→ **TASK OBJECTIVE**:
Quote the listing in full, exactly as given, minus any pictures.

→ **RECORDED INFORMATION**:
######
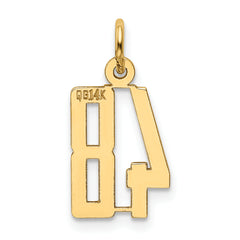 14K Gold Polished Elongated Charm with Laser-Cut Detail Small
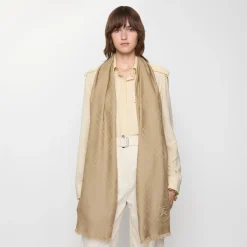 Wide Check Wool Silk Scarf
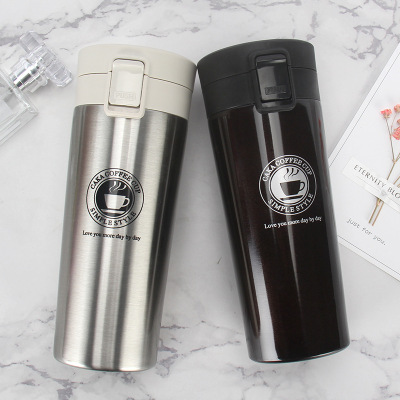 The Emmins 304 vacuum car coffee cup bounce cover thermos cup can be customized bounce cover thermos cup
######
→ **FINISHED EXERCISE**:
 14K Gold Polished Elongated Charm with Laser-Cut Detail Small
 Wide Check Wool Silk Scarf
 The Emmins 304 vacuum car coffee cup bounce cover thermos cup can be customized bounce cover thermos cup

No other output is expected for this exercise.